Но ребёночка рожала без стона я…

А живёт он только в строчке старательной:

«Мальчик – вылитый ты! Будет воином».

…Умер, и на столбике аккуратненьком


над могилкой, не привечен белым светом он,

повторяет крошка имя отцовское…

Что же письма мои, да с неответами

возвращаются?.. Да где же ты, сокол мой?


Прогремела гром-Победа салютами!

Я ждала его, ждала, неустанная.

…Он пришёл. И я, увидев, разутая,

к мужу… а с ним гостья незваная.


Руки крепкие его, орден-золото.

А любовь моя, моя – луг нескошенный…

– Это Женька, медсестра. (Очи долу та.)

На сыночка посмотреть не позволишь мне?


* * *


Только розовым пальцам Бога листать календарь,

в котором август похож на серп…


Нам с тобою – смешным Господним кровинкам –

было даровано двадцать восемь летних дней и ночей,

и, неполный, ущербный, месяц август зашёл за тучи…

Как ни смотри в небо, его уже нет!


И всё же счастье быть вместе длилось полный месяц,

ведь это мог быть не август, а февраль в невисокосный год…


И поэтому не странно, что за ним пришёл

хотя и не март, но не простой, а святой Сен-тябрь…

Он великомученик, и листья под ногами в сквере кровят.


Не удивляйся, мой лучик, если за ок-тябрём,

солидарным с нами (ок! вам быть вместе!),


придёт противоречащий но-ябрь и скажет весомое «но…»,


а дека твоей гитары так усилит мой крик: «Я люблю тебя!»,

что дека-брь быстро перейдёт


в этот пронзающий «Я…»-нварь,


а февраль уже был в августе, ничто не повторяется дважды…


Всё подвластно


только розовым пальцам Бога…

только розовым пальцам Бога…

только розовым пальцам Бога…


Им,

всевидцам,

перебирать двенадцатиструнный год-календарь

и пробовать на ощупь струну,

с поверхности которой сойдёт миг нашей новой встречи…


Богу

больно,

ведь одна из струн

поёт, как серп,

неутомимо сжинающий

дни,

в которые мы могли быть вместе…

Богу больно?


Его пальцы лежат под ногами в сквере, где нет тебя.

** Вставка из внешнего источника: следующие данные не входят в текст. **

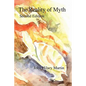 The Reality of Myth - Paperback
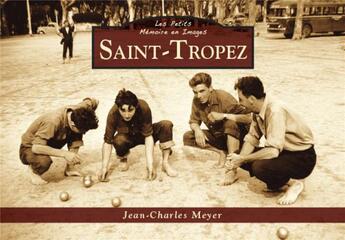 Couverture du livre « Saint-Tropez » de Jean-Charles Meyer aux éditions Editions Sutton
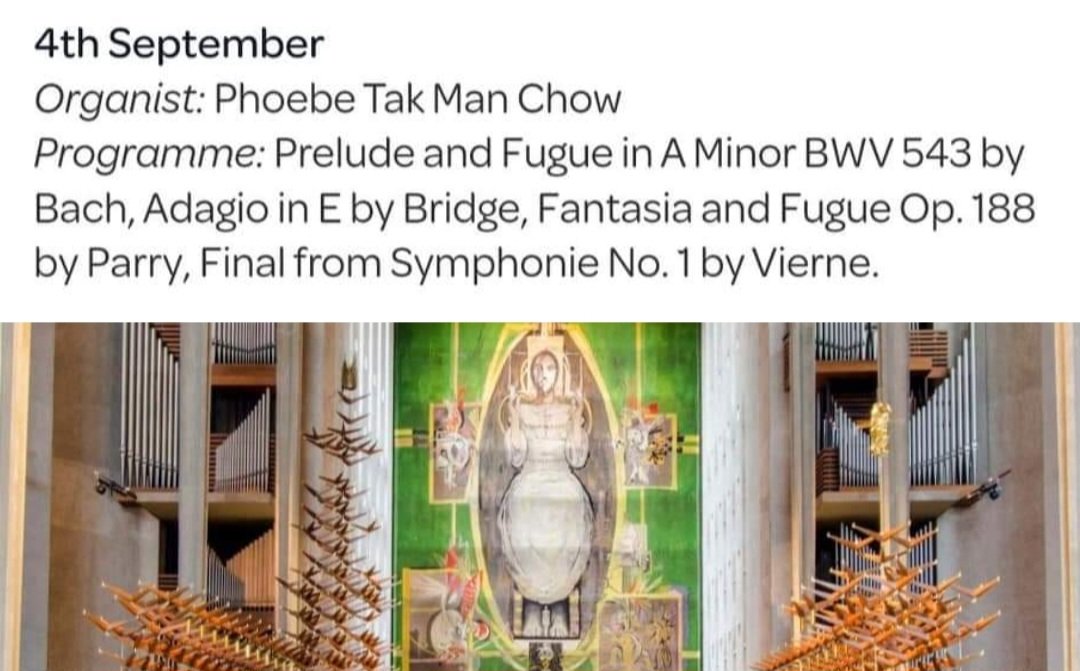 Phoebe_Chow_'s tweet image. Looking forward to visiting Coventry Cathedral for the first time.
Organ Recital
Monday 4th of September at 12.30pm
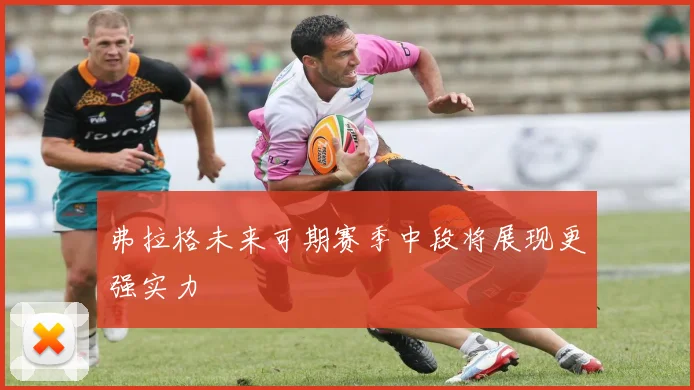 弗拉格未来可期赛季中段将展现更强实力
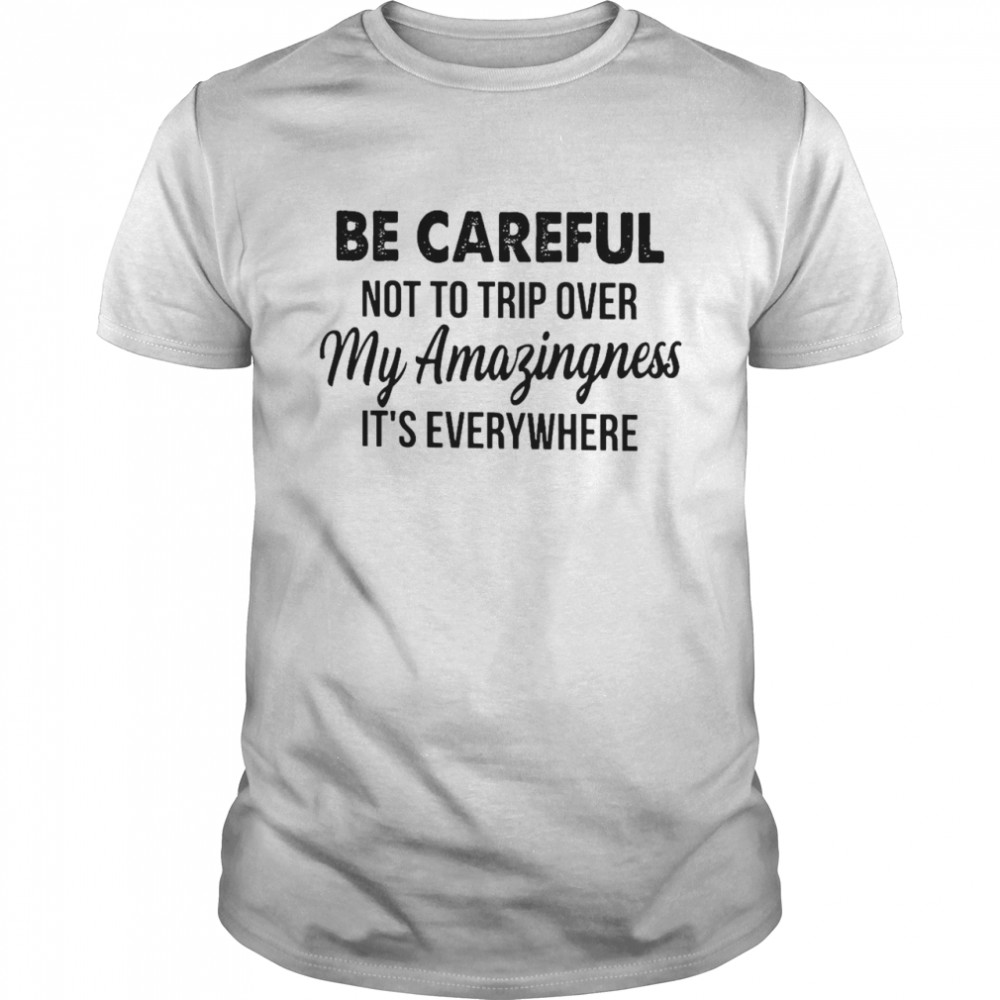 Be Careful Not To Trip Over My Amazingness It’s Everywhere  Classic Men's T-shirt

Я сижу на скамейке, поджав под себя ноги.

И ты ступай осторожно!


Жилы листьев кровят.


Где-то в горнем рождается миг. Бережны губы Бога.


Я просто чудачка, которая впервые познала счастье.

И боюсь сделать больно –

Богу, тебе, листьям – внутри облетающего календаря…


Визит


Виктору Бадикову

Бумага-плющ и плюш моих игрушек

могли б мечтать, что Вы придёте к нам?..

К той девочке, что младше пополам,

и беспокойна, и ничем не лучше

других… Ах, рты моих бумажных рыб

уже разинуты, стихи спешат на волю…

В Вас есть талант – рожденье обезболить

и вновь уйти до солнечной поры.


Вы – друг. Отчётливый, живой мираж? Но

сидите рядом, льёте ровный голос…

Не небо ли в апреле раскололось

на слитки поднебесных птиц? Бумажных,

чьё горло – ватный рокот и урок…

Я помню важность первого урока:

кораблик с грузом желтопёрых строк

был пущен Вашею рукою – лёгким хокку.


Я к Вам на «Вы» с огромной буквы «В».

Не оттого, что трушу иль пасую –

я опасаюсь обесценить всуе

сердечный гул... Так можно лишь молве

и тем, кто в жизни Вас зовёт на «ты»…

Прошу, знакомьтесь: мини-Хиросимка –

мой хрупкий мир икон и фотоснимков,

стихов и сказок, снов и суеты.


* * *


Мы знаем, что делать друг с другом.

Как высказать это ясней?

Так лезвие жадного плуга

вбирает земля по весне…


Так время ложится на камень…

Так воздух угоден костру…

Не надо учить нас строками

стихов, переборами струн…


И только Творец заглянул бы

в один из таких виражей,

чему не обучены губы,

но мёдом сочатся уже...


© Елена Зейферт, 1997-2007.
© 45-я параллель, 2007.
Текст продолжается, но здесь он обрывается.